I have bitten off the pieces that I did not want
I have bitten off the pieces that I did not want
- Jann Arden, Saved
This is way beyond “productivity tips” and “life hacking.” It’s self transformation. This is what it means to be committed. The only way through it is through it. It’s often a brutal process.
It’s hard to ask for help because there’s so much to lose. Everyone is looking for the slightest sign of weakness or fault. Honestly admitting a shortcoming could mean not winning a customer or investor, losing an employee.
I’m not alone in the struggle, but I’m lonely. Most founders suffer in silence and isolation. Depression, sickness, addiction, breakdowns and even suicide are the result. It’s rare for founders to break the silence. I’m doing it today because we deserve it.
It’s popular right now to talk about impostor syndrome, but this isn’t impostor syndrome. This is real and honest. This is a valid experience. I take comfort knowing that my discomfort with this unnatural experience is an appropriate response to the position I’m in. If you are feeling the same thing, know that you’re not damaged goods.
To cope and adapt, I have to make an effort to help myself and ask others to help me. I begin each day by dedicating myself to the service of something greater than myself. I resolve to be fully alive, present in the moment, and to suppress my self-will. I read sacred literature. I journal. Then I go do my best. I end the day by forgiving myself.
Meditation is a huge part of what keeps me sane. Meditation does not still my mind or stop the intrusive thoughts. It helps me notice and accept what is happening to me, within me, and around me. I worked with an architect, an old man with a lifelong transcendental meditation practice, for years. But I lost it. I had to find a system that actually worked for me. The Headspace book and app helps.
I also ask for help. I’ve reached out to a lot of other founders and talked. They may not know it but they’ve made a huge difference for me. I hope you reach out to me if you need help, too.
I’ve also had to learn to stop trying to do everything myself. I have a team of people who are better at their jobs than I am. I don’t ask them to be my confidantes, but they support me whether they know it or not. And I have advisors, mentors, and a professional coach who make it easier day by day.

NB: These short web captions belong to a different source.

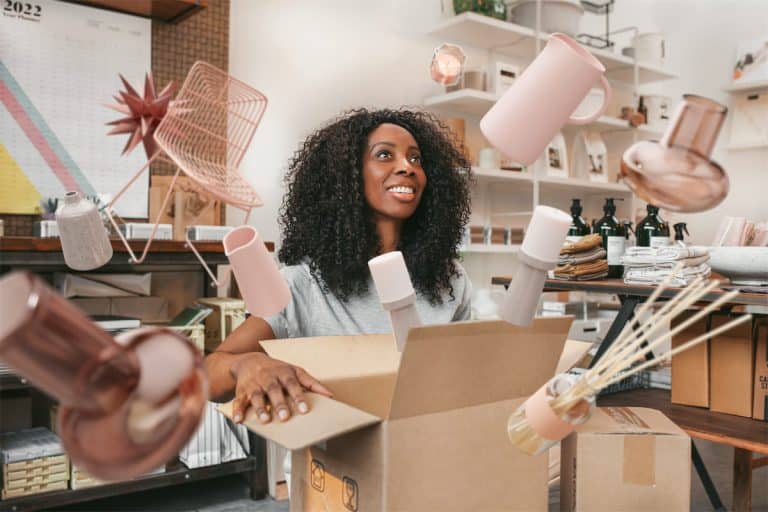 Pourquoi Ankorstore est si populaire ?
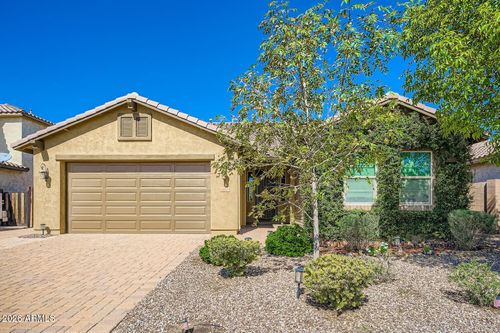 10824 E Quintana Ave, Mesa, AZ, 85212-2518 | Card Image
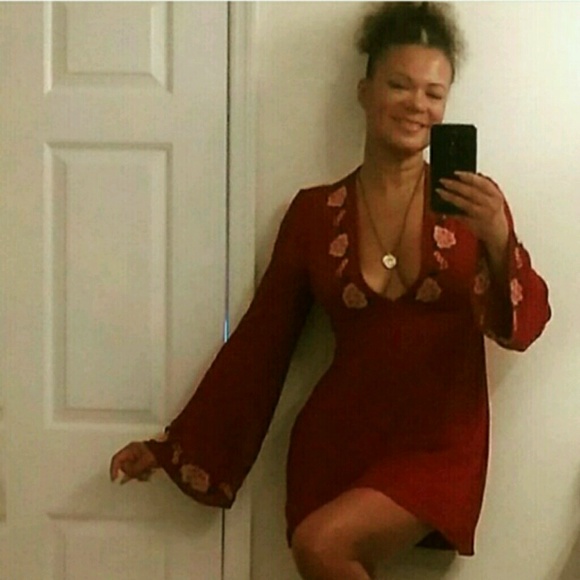 veronicapearman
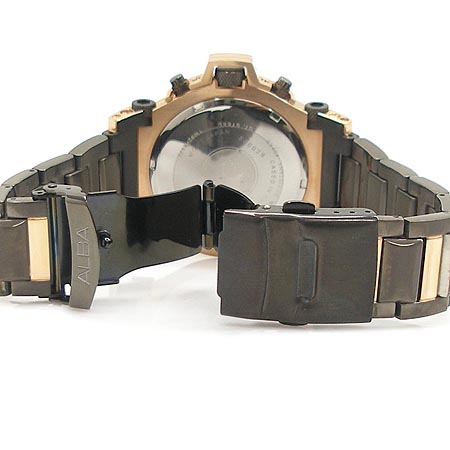 SEIKO() ˹ SIGN4. ũγ׷ Ż  ð ̹4 - ̺ ߰ǰ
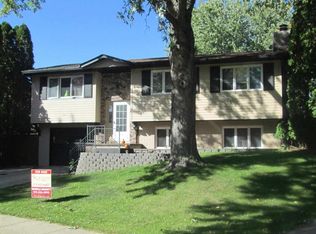 1710 Flatiron Ave, Iowa City, IA 52240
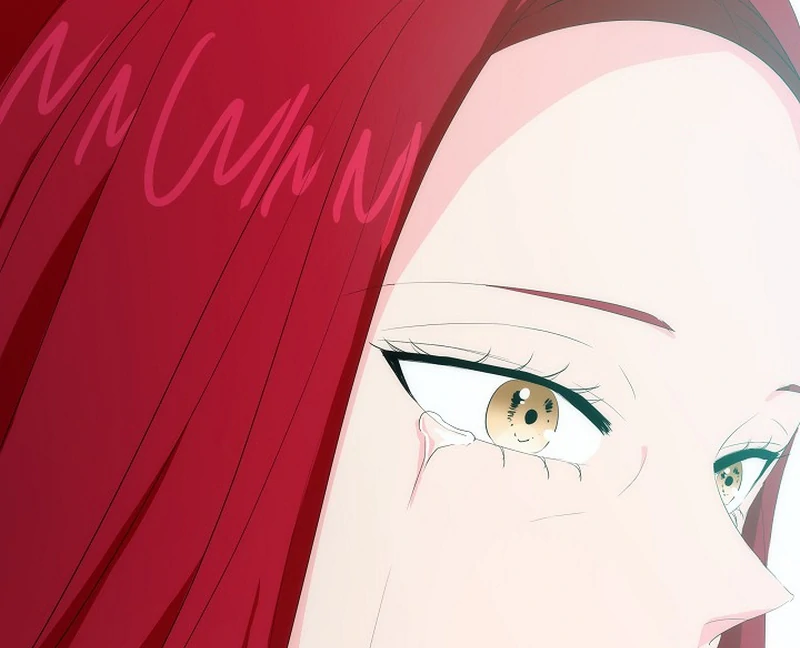 The Time-Limited Villainess Who Makes Medicine Chapter 26 81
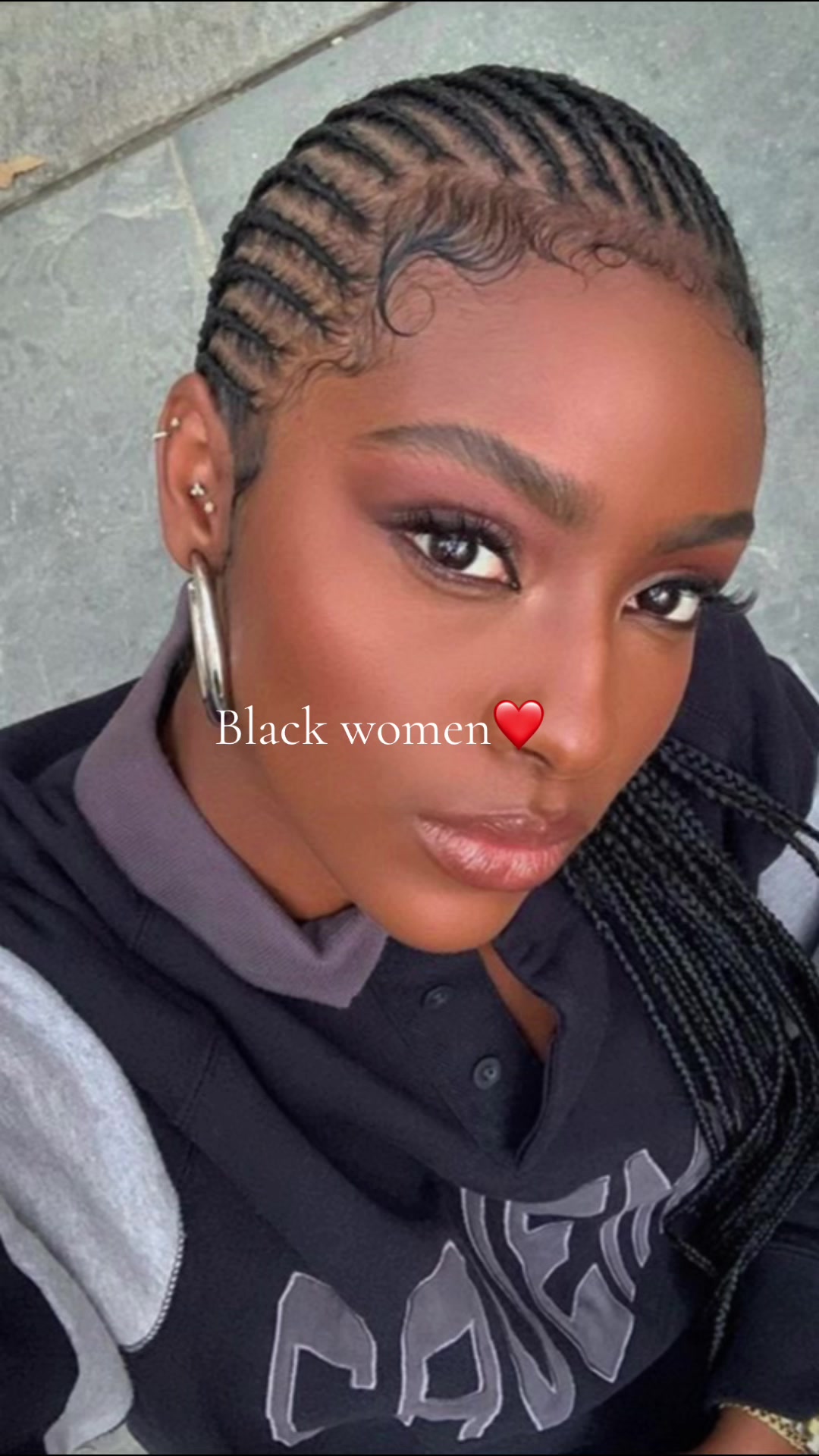 @💗🌺Black_beauty_goddes📌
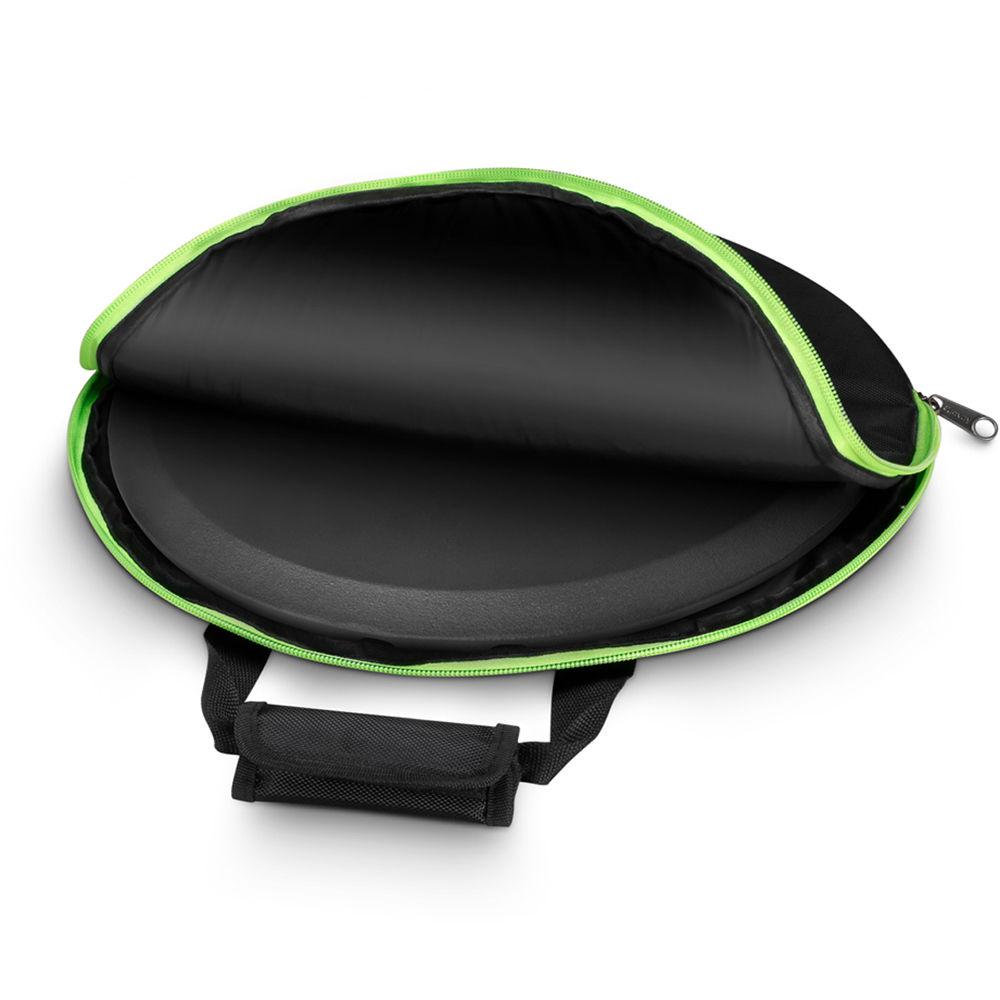 Gravity Stands Transport Bag For 17.7" Base Plate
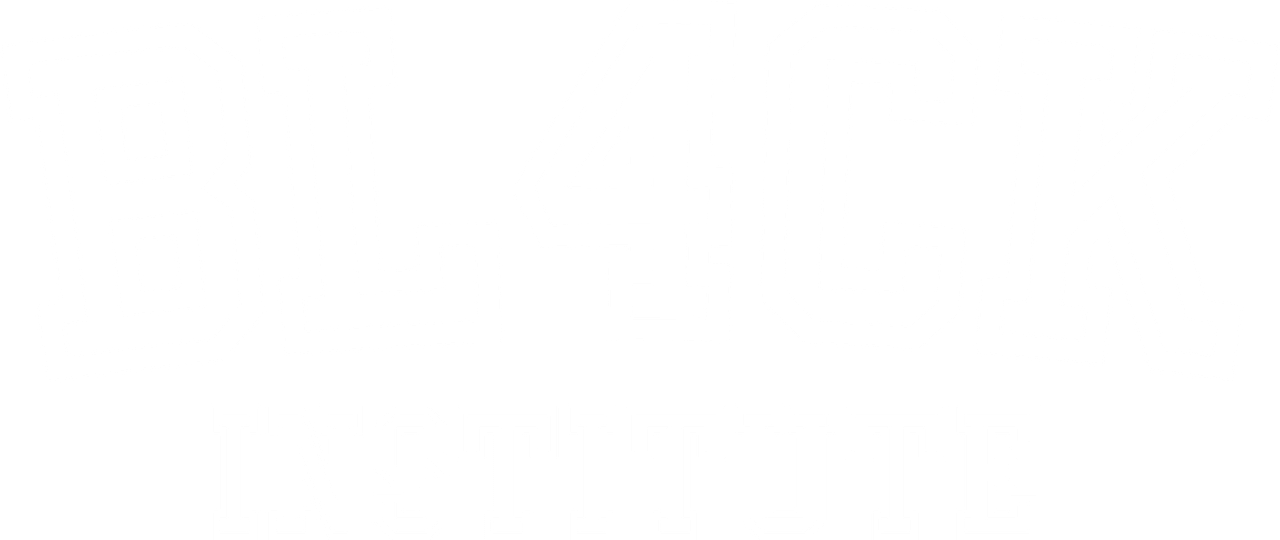 BL4CK INSTITUTE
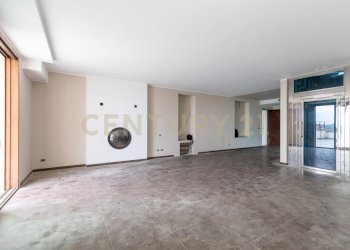 Via Lorenzo Maddem 71 Acireale (15).jpg - Appartamento Via Lorenzo Maddem 67, Acireale - foto 16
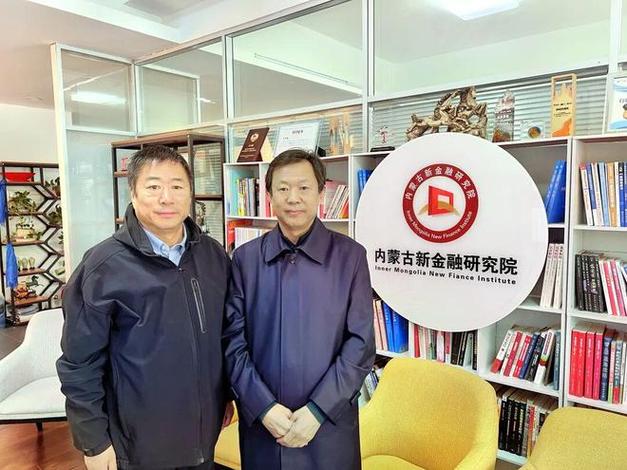 阿吉泰app纳贡毕力格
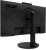 Монитор Acer 27" Vero CB272D6bmiprcx черный IPS LED 1ms 16:9 HDMI M/M Cam матовая HAS Piv 250cd 178гр/178гр 1920x1080 120Hz FreeSync VGA DP FHD 5кг Монитор Acer 27" Vero CB272D6bmiprcx черный IPS LED 1ms 16:9 HDMI M/M Cam матовая HAS Piv 250cd 178гр/178гр 1920x1080 120Hz FreeSync VGA DP FHD 5кг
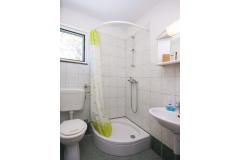 Venesa Appartamenti Appartamento 1 – Apartman 1 foto 5
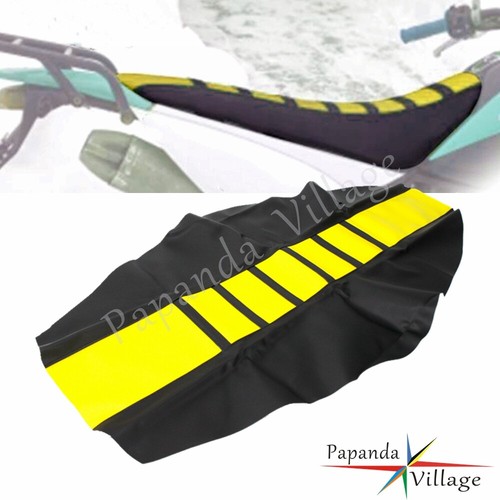 Gripper soft seat cover - cover, for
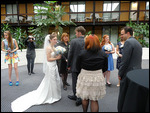 Afterwards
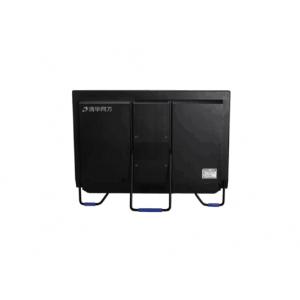 清华同方(THTF）超越A5000-70022（ i3-6100 /4G /1G独显/1TB/DVD/21.5寸显示器 ）台式一体机*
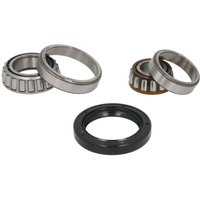 Radlagersatz SKF VKBA 505 Radlagersatz SKF VKBA 505 von SKF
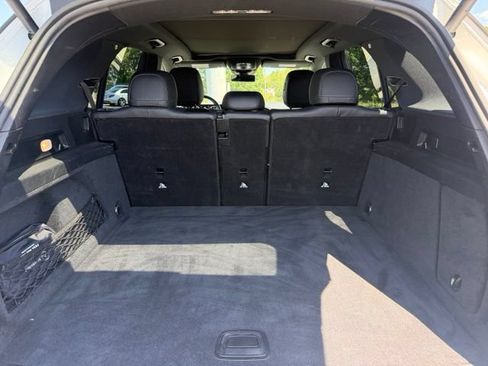Certified 2023 Mercedes-Benz GLE 350 4MATIC image 10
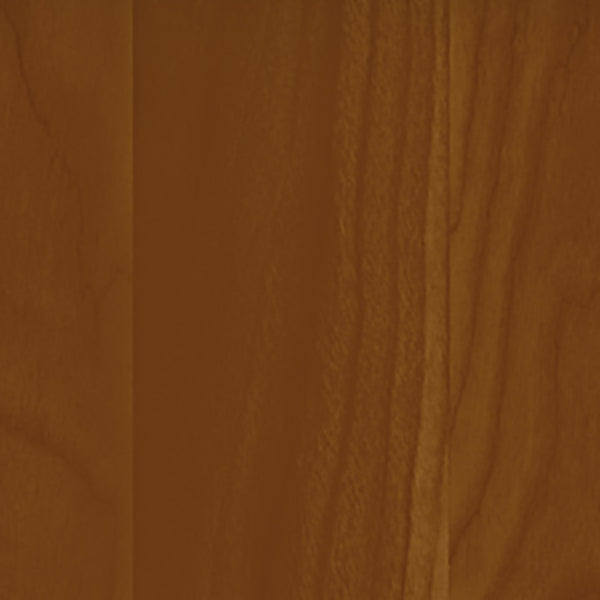 Desoto by Omega Cabinetry available at Aqua Kitchen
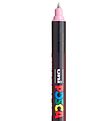 Posca Viltstift - PC-1MR - Licht roze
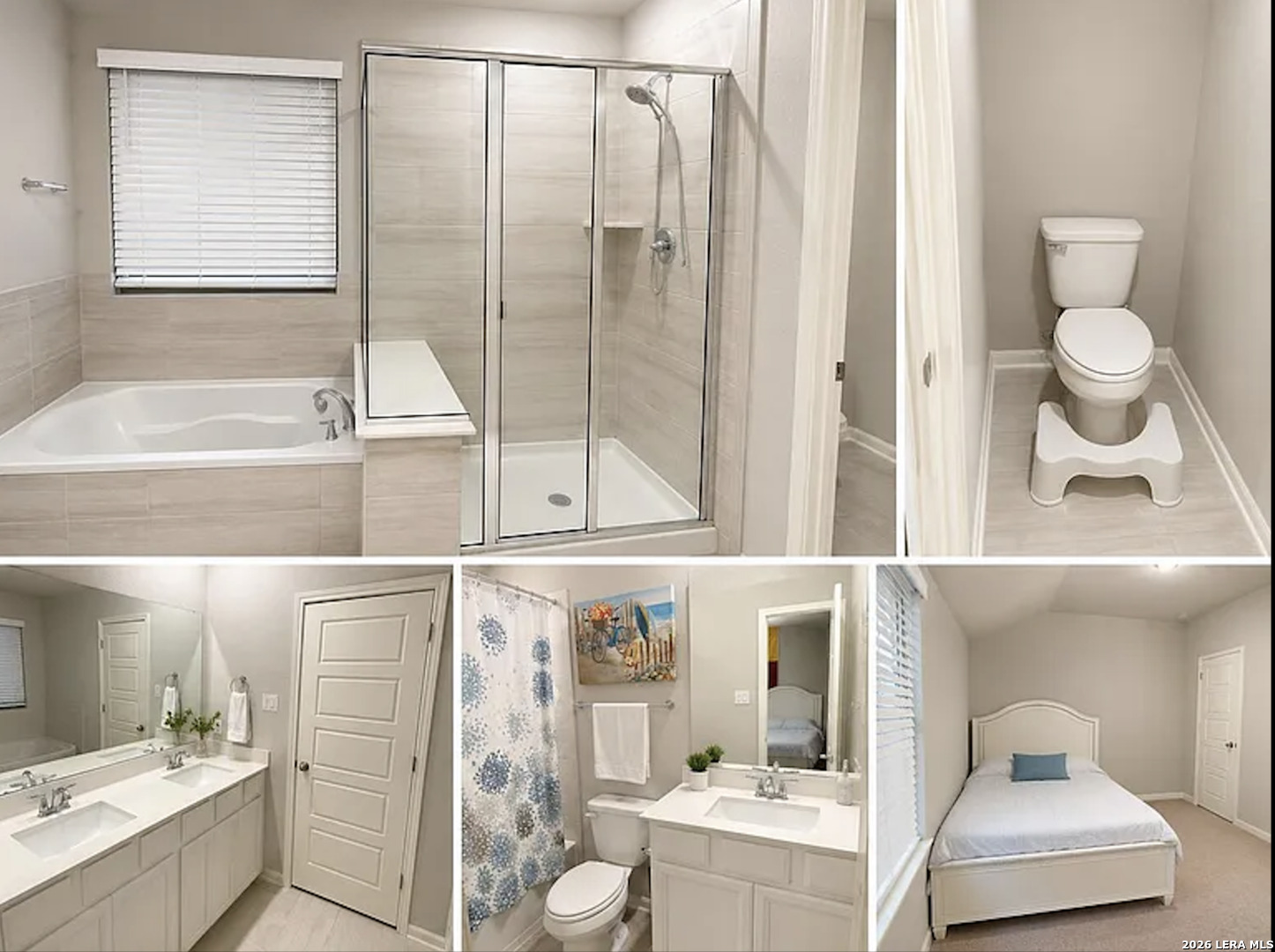 2523 Pitcher Ranch San Antonio TX 78253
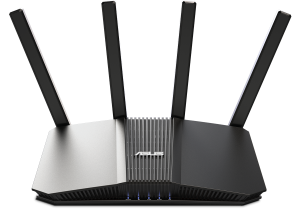 Asus-RT-BE82U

It sounds hard. Why do I do it? I do it because of you. You are here for a purpose. You have impact. The world needs you and cannot replace you. You make a difference. But really, I do it for you because doing it for you is doing it for myself. I must be to the world what I want the world to be for me. I get back more than I give. My lows are lower, but my highs are higher too. Thank you. [I wanted to end with a note of inspiration and encouragement, gesturing towards each person’s irreplaceable role in life, but I changed this ending at the last moment.]
I believe that the product, company, and the team serve a greater good. It’s true that it’s hard, but I believe I must be what I want to see in the world. My low times are worse, but my highs are higher. [I chose this ending because I thought the note of encouragement, although important and true, was not consistent with the rest of the talk. The sentiment of the first alternative ending still holds, though.]